For those limbic bursts of nostalgia, invented by Proust, miniaturized by Nicholson Baker, and freeze-dried by Joe Brainard in his I remember and by Georges Perec in his Je me souviens.

But there are no fractions, the world is an integer
Like us, and like us it can neither stand wholly apart nor disappear.
When one is young it seems like a very strange and safe place,
But now that I have changed it feels merely odd, cold
And full of interest.
          --John Ashbery, "A Wave"

Sometimes I sense that to put real confidence in my memory I have to get to the end of all rememberings. That seems to say that I forego remembering. And now that strikes me as an accurate description of what it is to have confidence in one's memory.
          --Stanley Cavell, The Claim of Reason


Wednesday, November 09, 2005
I remember that a boy lived in the apartment across the courtyard from us and he had a swing in his doorway and we would watch from our kitchen window as he swung out of his room and back in again.

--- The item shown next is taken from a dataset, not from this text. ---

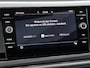 Volkswagen Polo 1.0 TSI 95pk R-line · Panoramadak · Camera · Keyless · Stoelverwarming · Parkeerassistent · 17"Velgen · Draadloze Telefoonlader ·
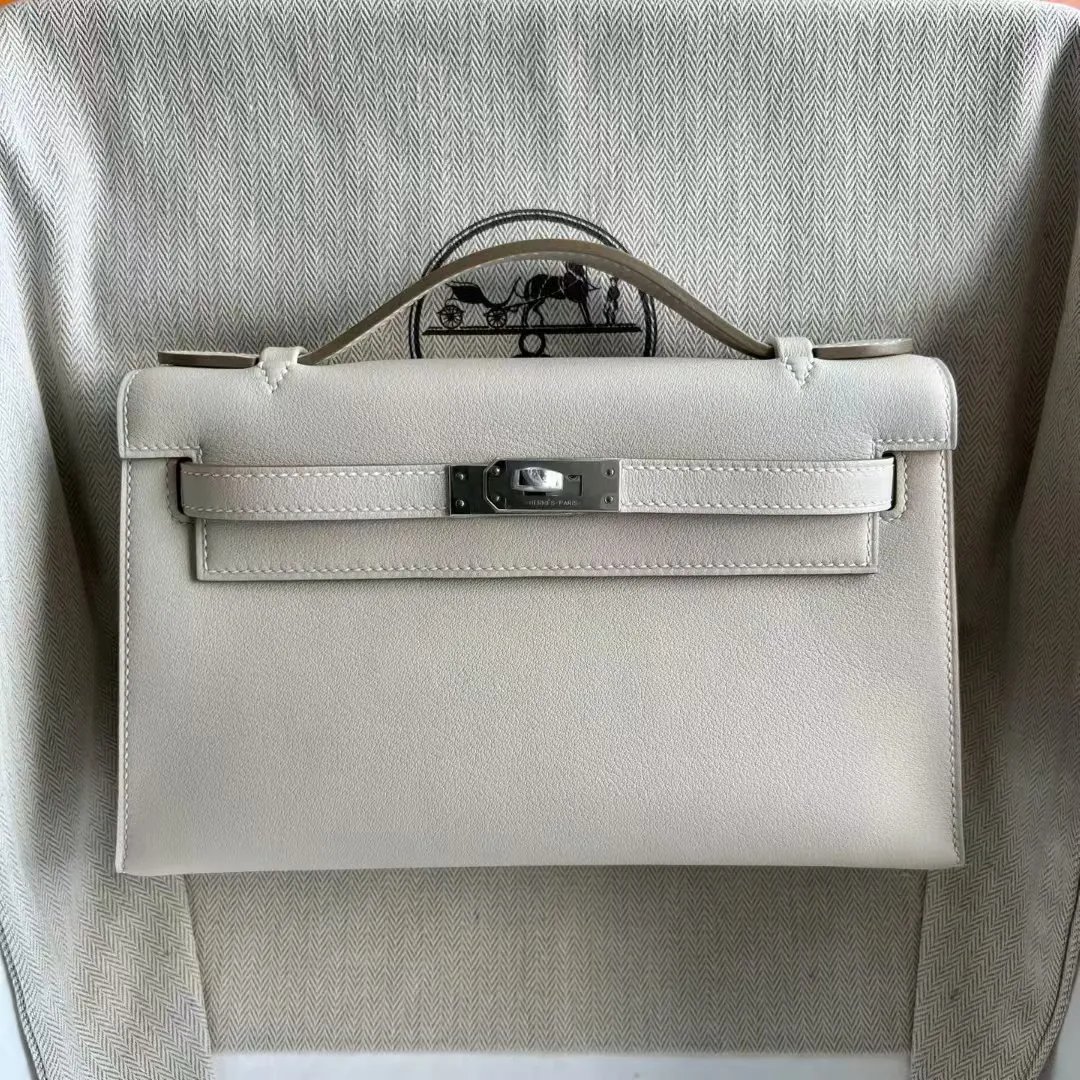 Kelly Pochette 22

He had blond, curly hair and symbolized a "real" family that did things like put swings up in apartments for their kids (I had another friend whose brother had a loft-bed with a fire pole you could slide down!!).

Once my grandmother had been out west and bought me a suede fringed Indian dress, beaded headband with feather, beaded necklace etc. I sat and peacefully ate my Fruit-Loops adornded in my new garb when I noticed the curly-headed boy spying on me across the canyon of the courtyard with a cowboy hat and pistol aimed at me! Yet another proof of his superiority.
I ran out of the kitchen, upset -- how long had he been watching?


posted by caroline 3:48 AM
. . .
0 comments
Comments:

Post a Comment





. . .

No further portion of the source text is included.